LUIGI OGGIONI, Giudici,
1952, n. 4164, promosso con ordinanza emessa il 10 giugno 1966 dal
Tribunale di Grosseto nel procedimento civile vertente tra Berliri
Zoppi di Zolasco Carlo e Maria Teresa e l’Ente per la colonizzazione
della Maremma tosco-laziale, iscritta al n. 165 del Registro ordinanze
1966 e pubblicata nella Gazzetta Ufficiale della Repubblica n. 239 del
24 settembre 1966.
Visto l’atto di costituzione dell’Ente Maremma;
udita nell’udienza pubblica del 18 ottobre 1967 la relazione del
Giudice Costantino Mortati;
udito l’Avv. Guido Astuti, per l’Ente Maremma.
Nel corso di un giudizio promosso avanti al Tribunale di Grosseto
da Carlo e Maria Teresa Beriri Zoppi di Zolasco avverso l’Ente per la
colonizzazione della Maremma tosco-laziale, per ottenere la
restituzione dei beni da questi espropriati in virtù del D.P.R. 27
dicembre 1952, n. 4164, con la condanna al risarcimento dei danni, o,
in via subordinata, alla restituzione della quota di circa 38 ettari,
espropriata in eccesso, gli attori sollevavano questione
d’illegittimità costituzionale del decreto predetto, allegando: 1)
che l’Ente convenuto, dopo avere pubblicato un primo piano di
esproprio, con il quale, con riferimento alla consistenza della
proprietà al 15 novembre 1949, veniva espropriata una quota, per lire
15.402,35 (di cui lire 5.134,12 per quota terzo residuo)
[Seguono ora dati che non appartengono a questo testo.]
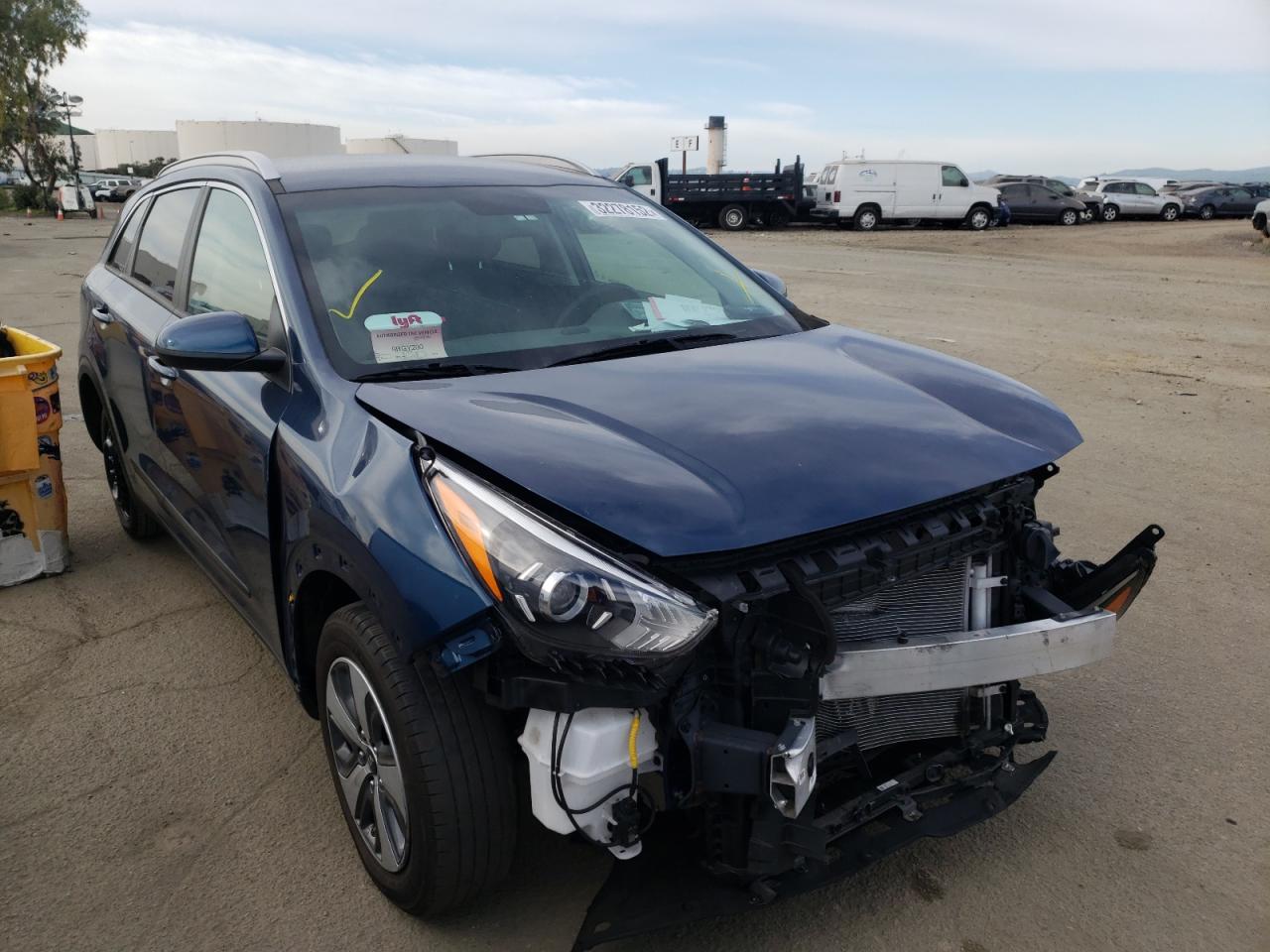 KIA NIRO LX 2020 with VIN KNDCB3LC9L5398332 - Photo from auction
successivamente, in applicazione dell’art. 2 n. 3 della legge n. 339
del 1952, annullava detto piano sostituendolo con altro, pubblicato il
30 settembre 1952, nel quale la consistenza della proprietà venne
determinata in base al reddito catastale al 30 settembre 1952, elevando
la quota espropriabile a lire 18.164,50, senza aver provveduto sul
terzo residuo; 2) che, avendo essi istanti proposto ricorso avverso il
nuovo provvedimento, denunciando l’errore di calcolo dell’area
espropriabile e l’omessa pronuncia sulla richiesta relativa al terzo
residuo, l’Ente prese atto dell’istanza di concessione del terzo
residuo ed assegnò un termine di 60 giorni per la presentazione, del
piano di trasformazione, ma prima della scadenza di tale termine, emise
il decreto di esproprio, senza provvedere sulla domanda del terzo
residuo.
Il Tribunale, dopo aver affermato la rilevanza delle questioni
sollevate al fine delle decisioni della causa, ritenne non
manifestamente infondata la denunciata violazione degli artt. 76 e 77
della Costituzione. A suffragio di tale opinione ha rilevato in primo
luogo che, a tenore della costante giurisprudenza di questa Corte, la
formazione del piano particolareggiato deve prendere a base le
risultanze catastali alla data del 15 novembre 1949, ed è indifferente
accertare se le modifiche apportate successivamente a tale data si
riferiscano ad accertamenti eseguiti prima o dopo di essa, mentre la
sola circostanza rilevante è che il reddito dominicale al 1949 sia
diverso ed inferiore a quello tenuto presente nel piano di esproprio,
con la conseguenza di una maggiore quota di esproprio. Quanto poi alla
concessione del terzo residuo, il tribunale ha osservato che la
richiesta relativa era stata fatta dagli attori nel termine prescritto
dallo stesso Ente, sicché deve ritenersi irregolare l’esproprio
disposto senza attendere la scadenza del medesimo e senza provvedere in
merito alla richiesta. Infine ha rilevato che il piano ritualmente
pubblicato prevede l’esproprio di ettari 146.39.93 mentre il decreto ne
dispone uno per ettari 142.90.44 sulla base di un piano mai
pubblicato, in contrasto con quanto ha statuito questa Corte con la
sentenza n. 39 del 1962. In conseguenza, con ordinanza del 10 giugno
1966, ha disposto la sospensione della causa e l’invio degli atti a
questa Corte. L’ordinanza debitamente notificata e comunicata è stata
pubblicata nella Gazzetta Ufficiale n. 239 del 24 settembre 1966.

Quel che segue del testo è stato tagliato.